• [Work task]: Please give back exactly the line with "Skleněná dóza na cukr Amanda indigo 1000ml" and each line after it through the end of the material, leaving out the pictures.

• [Data segment]:
.....

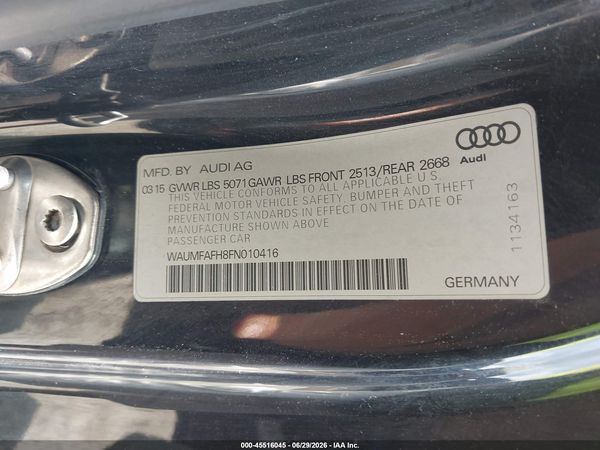 2015 AUDI A5 2.0T PREMIUM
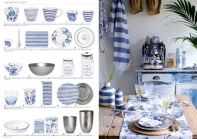 Skleněná dóza na cukr Amanda indigo 1000ml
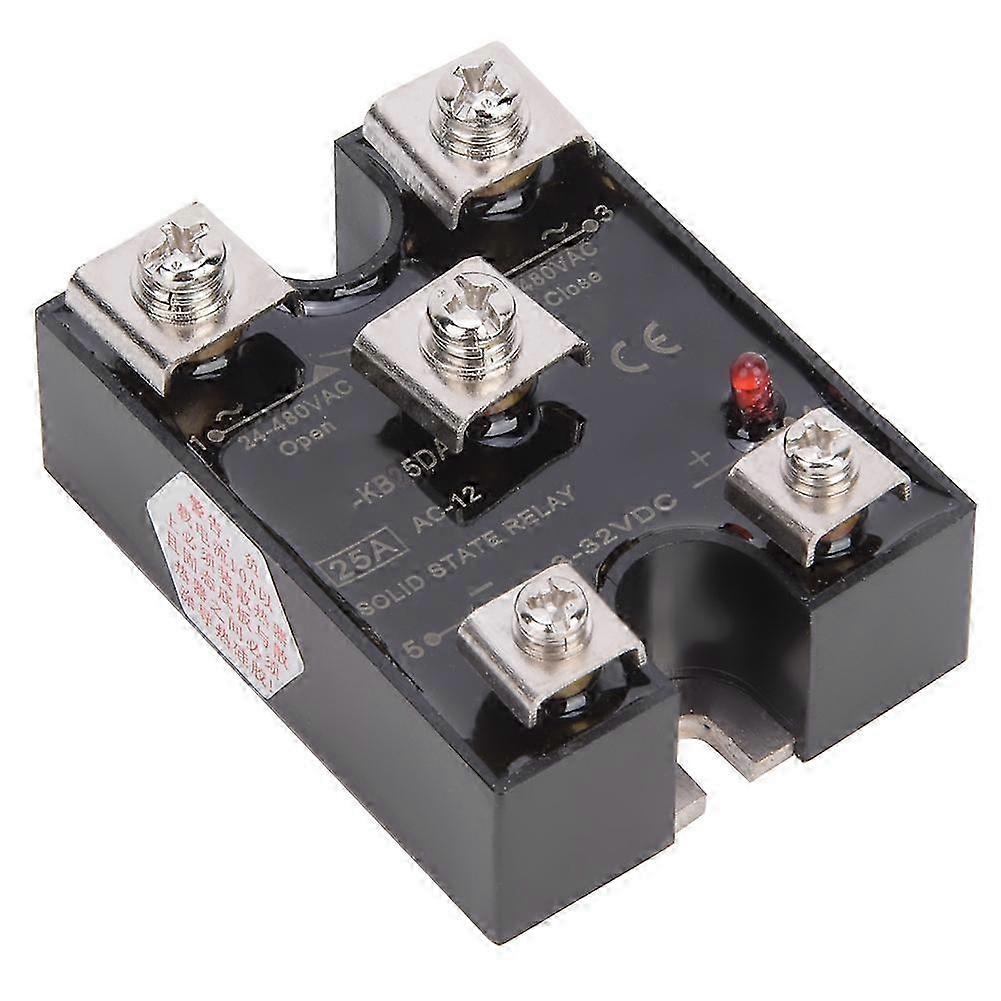 Berm Kb25da 25a Einphasiges 1no1nc Halbleiterrelais, Dc-gesteuertes Ssr-modul Für Ac-last, Robuster 25-ampere-elektronikschalter.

.....

• [Problem solution]:
 Skleněná dóza na cukr Amanda indigo 1000ml
 Berm Kb25da 25a Einphasiges 1no1nc Halbleiterrelais, Dc-gesteuertes Ssr-modul Für Ac-last, Robuster 25-ampere-elektronikschalter.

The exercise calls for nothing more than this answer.